Ao chegar em seu quarto, Jimin abriu o caderno na última página e escreveu uma pequena frase abaixo do desenho dos olhos:

"Mesmo nas sombras mais profundas, a luz encontra uma fresta. Eu serei a sua fresta, Jeon Jungkook, quer você queira ou não."

Ele não sabia que, naquele exato momento, em um escritório luxuoso e frio do outro lado da cidade, Jungkook estava sentado em uma poltrona de couro, olhando para um pequeno lenço de seda que havia caído do bolso de Jimin no terraço. O lenço tinha o mesmo cheiro de baunilha que estava assombrando os sonhos de Jungkook.

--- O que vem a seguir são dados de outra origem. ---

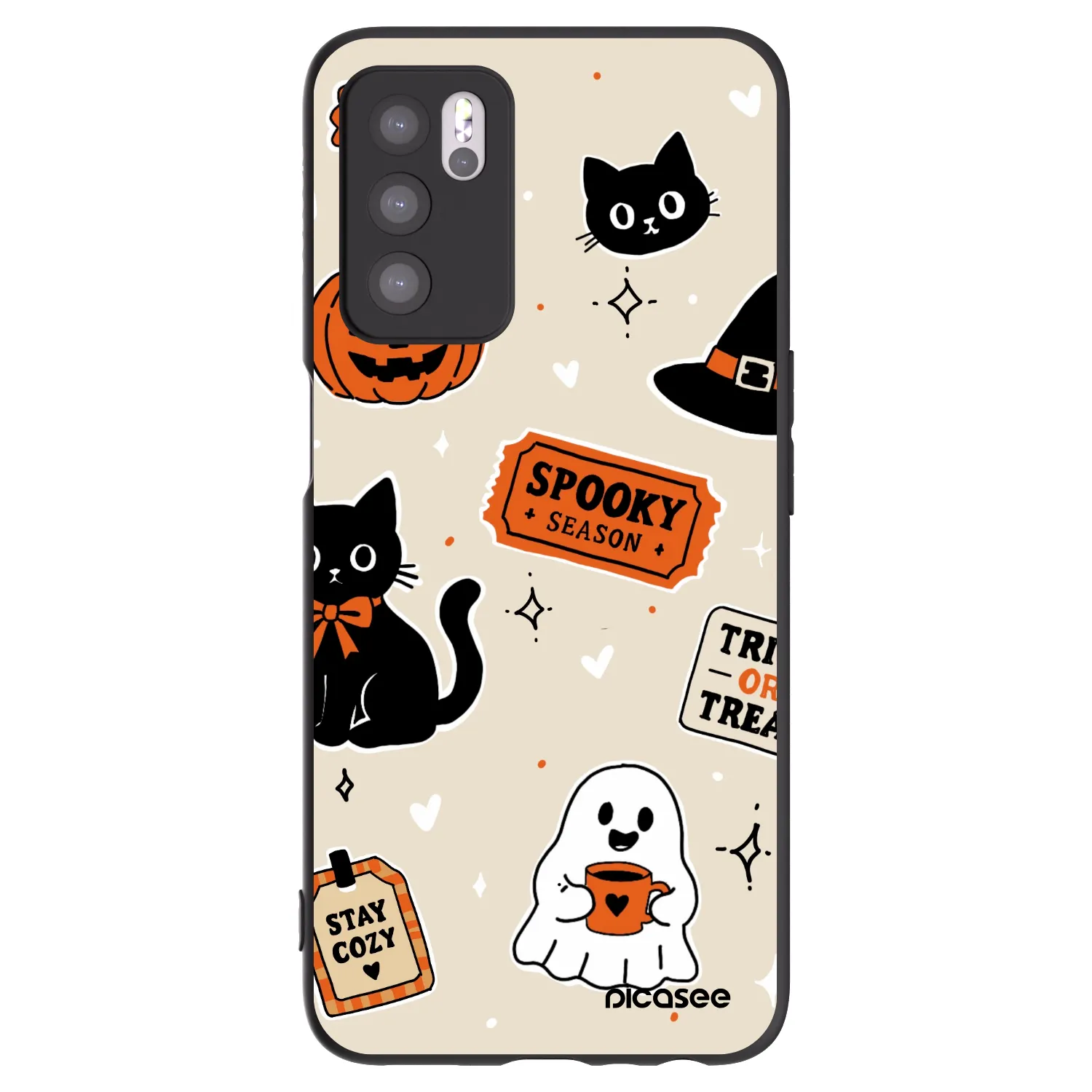 Picasee OPPO A16s Hülle - Schwarzes Silikon - Halloween stickers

Jungkook apertou o tecido entre os dedos, uma expressão de conflito cruzando seu rosto normalmente impassível. Ele odiava aquela sensação. Ele odiava Park Jimin por fazê-lo sentir algo que não fosse tédio ou raiva.

— Você vai ser a minha ruína, pequeno idiota — sussurrou Jungkook para o silêncio da sala.

As peças estavam posicionadas no tabuleiro. A delicadeza de Jimin e a crueldade de Jungkook estavam prestes a se entrelaçar de uma forma que nenhum dos dois poderia prever. O colégio High Seoul seria o palco de uma dança perigosa entre o algodão-doce e o aço, onde o prêmio final era nada menos do que a alma de um e o coração do outro.

E, enquanto a noite caía sobre Seul, Jimin adormeceu com a imagem de um pássaro saindo de uma gaiola de vidro quebrada, voando em direção a um céu que, pela primeira vez, não parecia tão escuro assim.